Pertama, kita tidak boleh memvonis siapapun sebagai ahli neraka. Karena urusan surga dan neraka merupakan urusan Allah. Kita hanya perlu menyikapi satu hal secara lahiriyahnya saja.
Kedua, orang yang meninggal dalam keadaan Islam (berserah diri), walaupun semasa hidupnya bergelimang kemaksiatan, ia tetap harus dirawat sebagaimana janazah orang Muslim pada umumnya.
Ketiga, kita perlu waspada kepada siapa saja untuk tidak berprasangka buruk kepada mereka. Sehingga kita menjadi merasa lebih baik daripada mereka. Boleh jadi, orang yang buruk itu karena mereka pandai mengolah hati serta rasa, mereka lebih dicintai Allah daripada kita.
Keempat, sikap kita, saat bertemu dengan orang yang nyata melakukan kemungkaran adalah bukan dengan cara mencaci makinya. Namun, ingkar di hati seraya mendoakan kepada Allah supaya diberikan hidayah-Nya. Andai saja ternyata dia lebih baik dari kita, kita berharap, doa tersebut menjadi pintu bagi kita untuk Allah mengampuni kita, sebab kita mengasihi sesama saudara kita atau sesama makhluk Tuhan.
Kelima, berpikir, bermunajat, berbisik, berusaha berkomunikasi dengan Allah akan membukakan banyak jalan kita kepada Allah Swt. Itu yang sering terlepas dari penilaian manusia lainnya.
Sikap Khauf dan Raja'
Pendosa yang menyesal dan merasa hina di hadapan Allah serta tidak berputus asa dari rahmat Allah lebih baik daripada ahli ibadah yang membanggakan ibadahnya. Pendosa yang mengharap rahmat dan ampunan Allah akan diampuni oleh Allah. Sedangkan ahli ibadah yang mengandalkan ibadahnya bisa berarti sombong.
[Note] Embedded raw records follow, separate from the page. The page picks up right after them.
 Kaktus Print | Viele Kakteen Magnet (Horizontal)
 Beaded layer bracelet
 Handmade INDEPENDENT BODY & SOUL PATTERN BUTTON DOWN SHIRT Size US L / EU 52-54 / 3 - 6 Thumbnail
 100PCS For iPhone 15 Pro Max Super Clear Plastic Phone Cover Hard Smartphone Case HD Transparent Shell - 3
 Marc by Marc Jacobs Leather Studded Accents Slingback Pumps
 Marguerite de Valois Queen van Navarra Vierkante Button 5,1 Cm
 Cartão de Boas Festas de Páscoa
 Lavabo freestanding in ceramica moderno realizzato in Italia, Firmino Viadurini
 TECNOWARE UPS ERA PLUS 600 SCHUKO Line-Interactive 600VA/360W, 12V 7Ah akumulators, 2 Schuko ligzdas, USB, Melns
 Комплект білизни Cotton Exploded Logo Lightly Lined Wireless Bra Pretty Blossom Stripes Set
Dan, sifat sombong adalah sifat yang sangat dibenci oleh Allah untuk dimiliki oleh makhluk-Nya
Untuk yang masih berdosa, ketahuilah" Datangnya kematian tidak menunggu hingga kamu akan menjadi lebih baik. Jadilah orang baik dan tunggulah kematian." (Habib Ali Zainal Abidin). Ampunan Allah diperuntukkan bagi setiap orang menginginkan ampunan-Nya. Karena percakapan hamba dengan Allah untuk bertaubat itu mungkin berlangsung secara rahasia maka kita tidak boleh memvonis sebagai ahli neraka.
Amalan fisik (lahiriah) memang mudah diukur karena itu yang tampak dan sebatas itulah kemampuan manusia untuk menilai orang lain. Adapun amalan batin, itulah rahasia antara seorang hamba dengan Rabb-nya.
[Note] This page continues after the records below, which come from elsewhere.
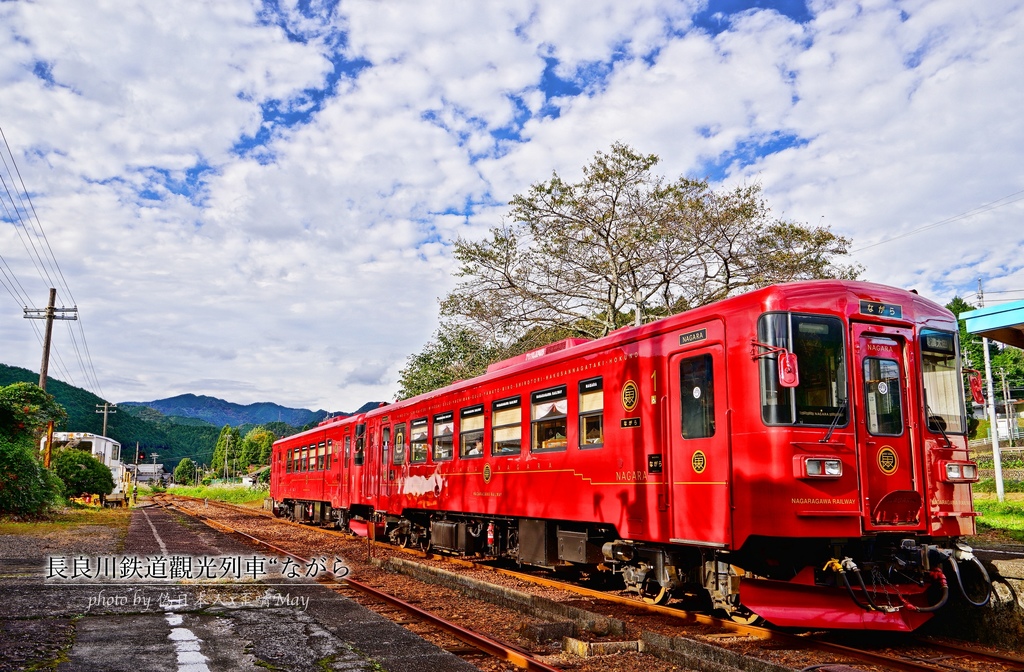 岐阜 | 長良川鐵道觀光列車ながら (Nagara)。郡上八幡~美濃太田 x 眺望清澈溪流的鐵道風景之旅 (期間限定/水戶岡銳治設計/文末附訂位方式) @嘿!部落!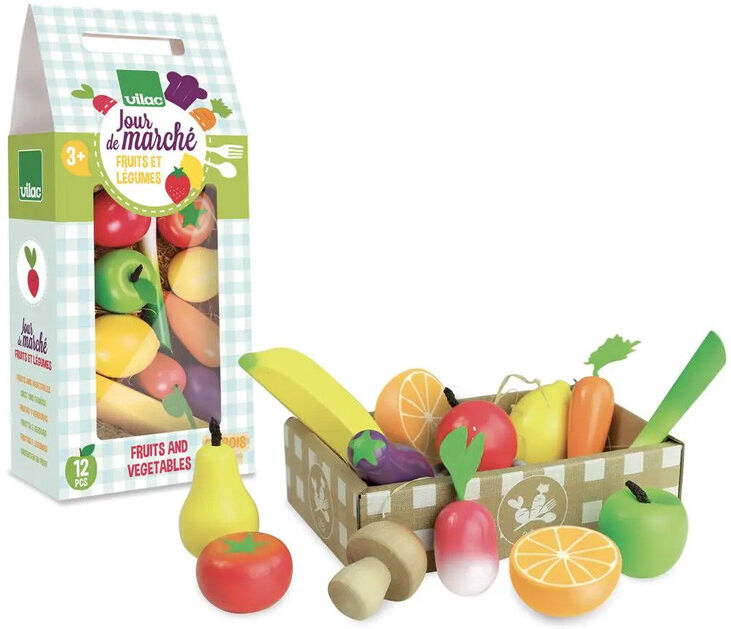 Set de Fruits et Légumes Jour de Marché - Vilac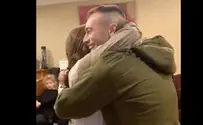 IDF lone soldier reunited with his family for the holidays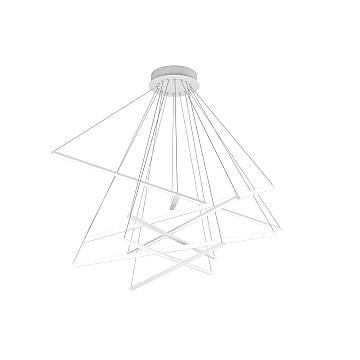 Sospensione Moderna Dna Alluminio Bianco Led 50W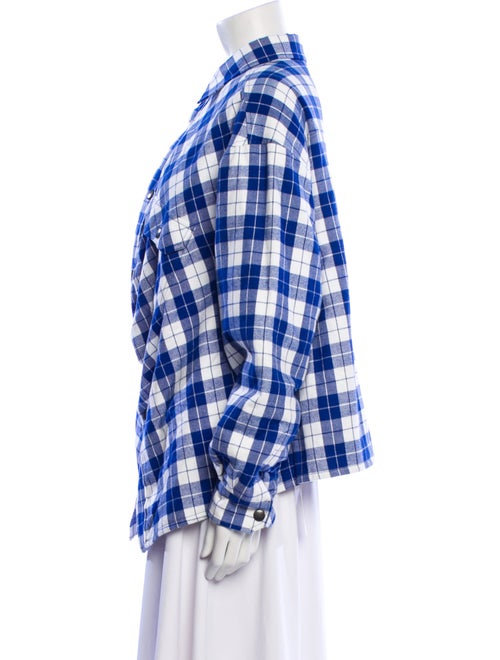 Balenciaga 2019 Plaid Print Jacket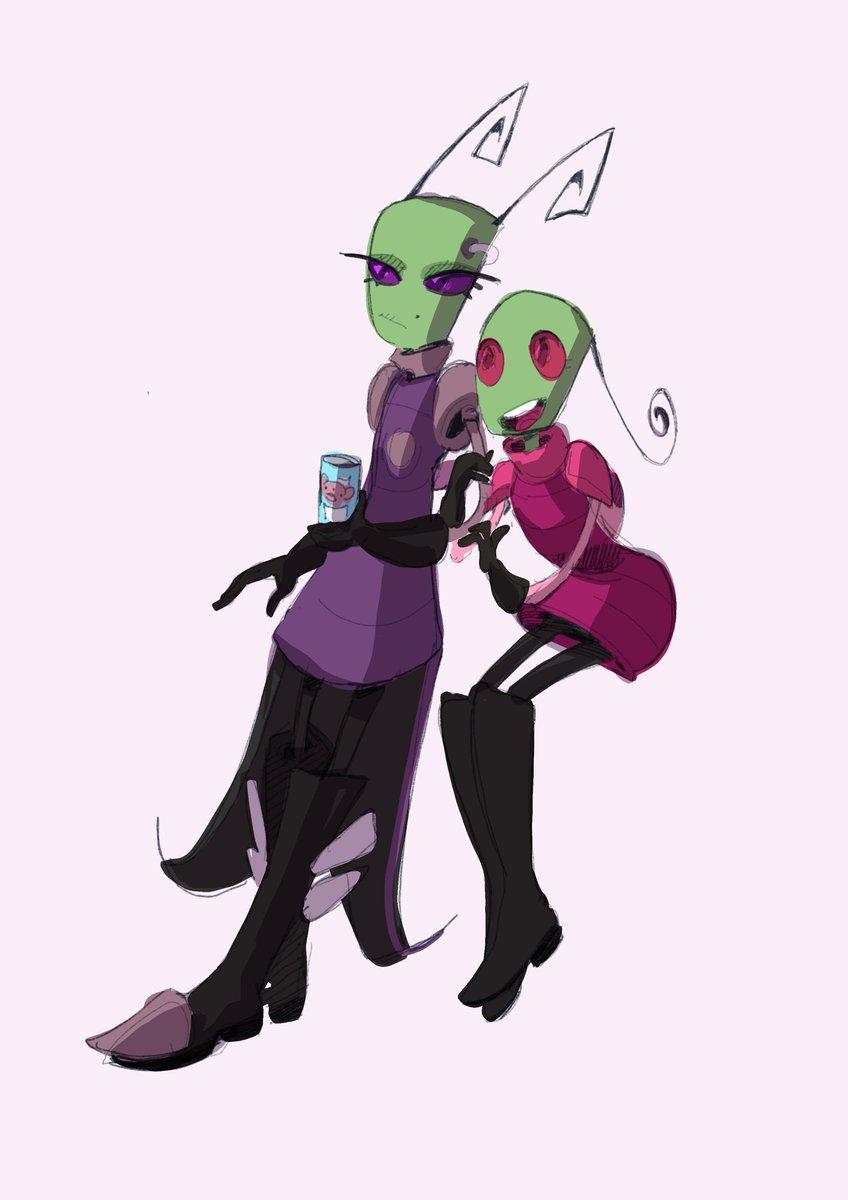 Divin_Thanatos's tweet photo. #invaderzim the girls #tak #invadertak #tenn #invadertenn #tatr #irken https://t.co/cObb6lc9bm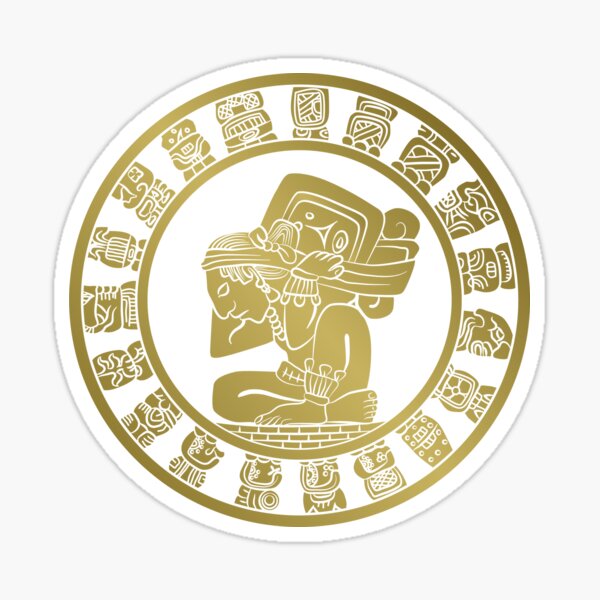 Item preview, Mayan calendar in the style of boho designed and sold by Nina Vetrova.
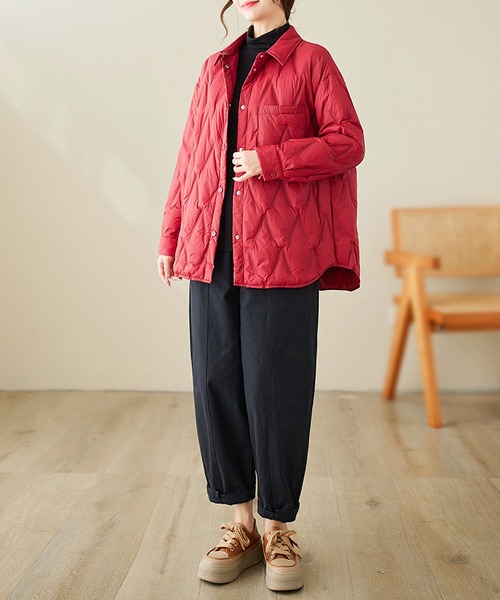 BLANC FICELLE（ブランフィセル）の「薄手 キルティング ブルゾン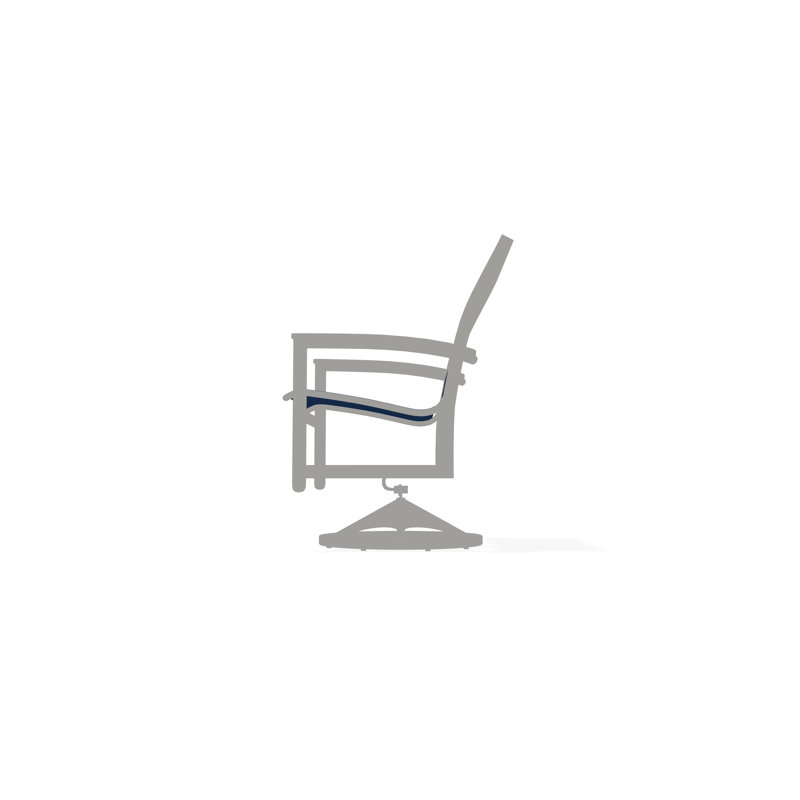Bazza Outdoor Dining Chair, Snow, Cobalt 35D Sunbrella®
Bisa jadi, ada orang yang tampak amalnya banyak namun disertai rasa bangga dan pongah dengan amalnya itu, maka ia sedang tertipu oleh iblis yang menghiasi amalnya. Sebaliknya, bisa jadi, seseorang tampak melakukan dosa, namun ia memang mengakui dan menyesal disertai rasa harap hanya ampunan Rabb-nya.
Rasa takut (khauf) dan penuh harap (raja') akan ampunan dan rahmat-Nya. Setiap hamba, dalam beribadah kepada Allah mestinya memadukan kedua sifat ini, khauf dan raja'.
Sikap muslim sejati di hadapan Allah, rasa takut dan penuh harapan mutlak dimiliki. Sebab, kedua keadaan tersebut akan menjadi penyeimbang kita dalam mengelola nafsu, iman, takwa, ibadah, dan lain sebagainya.
Pertama, rasa khauf ini adalah takut akan siksa atau azab dari Allah Swt. karena perbuatan dosa yang dilakukan. Rasa takut akan siksa Allah, menjadi tameng bagi setiap individu ketika ingin melakukan dosa atau maksiat.
Hal tersebut mutlak ditanamkan karena nafsu bisa saja menipu diri kita sewaktu-waktu sedangkan siksa dari Allah sudah pasti kebenarannya. Adanya khauf yang tertanam dalam diri manusia juga menjadi penahan manusia agar tidak sombong atau berbesar kepala.
Kedua, soal raja'. Dalam hal ini, menaruh harapan kepada Allah mutlak dimiliki setiap muslim karena Dia memiliki sifat berkehendak, pengampun, pengasih dan penyayang. Kepasrahan kepada Allah tetap disertai harapan kepada-Nya.
Penutup
Seorang muslim memiliki sikap yang seimbang. Ia tidak membanggakan amal kebaikannya di satu sisi dan tidak berputus asa akan rahmat dan ampunan Allah bila ia berdosa di sisi yang lain. Tidak memvonis orang lain sebagai ahli neraka atas penilaian lahiriah karena ia tidak pernah tau percakapan rahasia antara hamba dengan Tuhannya.
Ia tidak besar kepala dan membanggakan diri atas amalnya. Soal masuk surga atau masuk neraka itu hak prerogatif Allah. Kita jadikan kebaikan sebagai sarana memohon ridha, rahmat, dan ampunan Allah Swt. Sebaliknya, kita jadikan kekhilafan dan dosa kita untuk memohon ampunan kepada-Nya.
Pendosa yang mengharap ampunan dan rahmat Allah bisa jadi lebih baik daripada ahli ibadah yang pongah dan membanggakan diri. Tentu saja ahli ibadah yang tawadhu' merupakan karunia Allah dan itulah yang paling ideal. Namun, adakah diantara kita seperti itu? Hati-hati! Jangan merasa diri Anda yang demikian. Bisa jadi, itu jebakan iblis. Lebih baik kita menjaga keseimbangan khauf dan raja'.